- Le FBI enquête sur le consultant d'Exxon Mobil
- Une opération de cyberespionnage a ciblé des centaines de critiques d'Exxon Mobil
- Documents divulgués cités plus tard par Exxon Mobil et d'autres dans des dossiers judiciaires
WASHINGTON, 27 novembre (Reuters) - Le FBI enquête sur un consultant de longue date d'Exxon Mobil sur le rôle présumé de l'entrepreneur dans une opération de piratage et de fuite ciblant des centaines des plus grands critiques de la compagnie pétrolière, selon trois personnes proches du dossier.
L'opération impliquait des pirates mercenaires qui ont réussi à pirater les comptes de messagerie de militants écologistes et d'autres personnes, ont indiqué les sources à Reuters.
Le stratagème aurait commencé fin 2015, lorsque les autorités américaines ont affirmé que les noms des cibles du piratage informatique avaient été compilés par le groupe DCI, une société d'affaires publiques et de lobbying travaillant à l'époque pour Exxon, a indiqué l'une des sources. DCI a fourni les noms à un détective privé israélien, qui a ensuite externalisé le piratage, selon la source.
Les bureaux du Groupe DCI à Washington.
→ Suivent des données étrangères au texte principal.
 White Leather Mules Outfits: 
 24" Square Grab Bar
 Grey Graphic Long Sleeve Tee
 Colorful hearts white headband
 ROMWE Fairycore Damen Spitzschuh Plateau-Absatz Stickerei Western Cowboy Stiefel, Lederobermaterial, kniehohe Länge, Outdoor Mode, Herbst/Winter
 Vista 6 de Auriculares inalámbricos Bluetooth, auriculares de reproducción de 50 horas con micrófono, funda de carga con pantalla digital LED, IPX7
REUTERS/Nathan Howard achète des droits de licence et ouvre un nouvel onglet
Dans le but de faire croire qu'Exxon était la cible d'une vendetta politique visant à détruire ses activités, une partie du matériel volé a ensuite été divulguée aux médias par DCI, a déterminé Reuters. Le Federal Bureau of Investigation a découvert que DCI avait partagé les informations avec Exxon avant de les divulguer, a indiqué la source.
Certains militants écologistes interrogés par Reuters affirment que l'opération de piratage a perturbé les préparatifs de poursuites intentées par les villes et les procureurs généraux des États contre Exxon et d'autres sociétés énergétiques. Ces poursuites ont été calquées sur les litiges contre l'industrie du tabac au milieu des années 1990, qui ont abouti à un règlement décisif et à des restrictions drastiques, ouvrant ainsi un nouvel onglet sur les ventes de cigarettes.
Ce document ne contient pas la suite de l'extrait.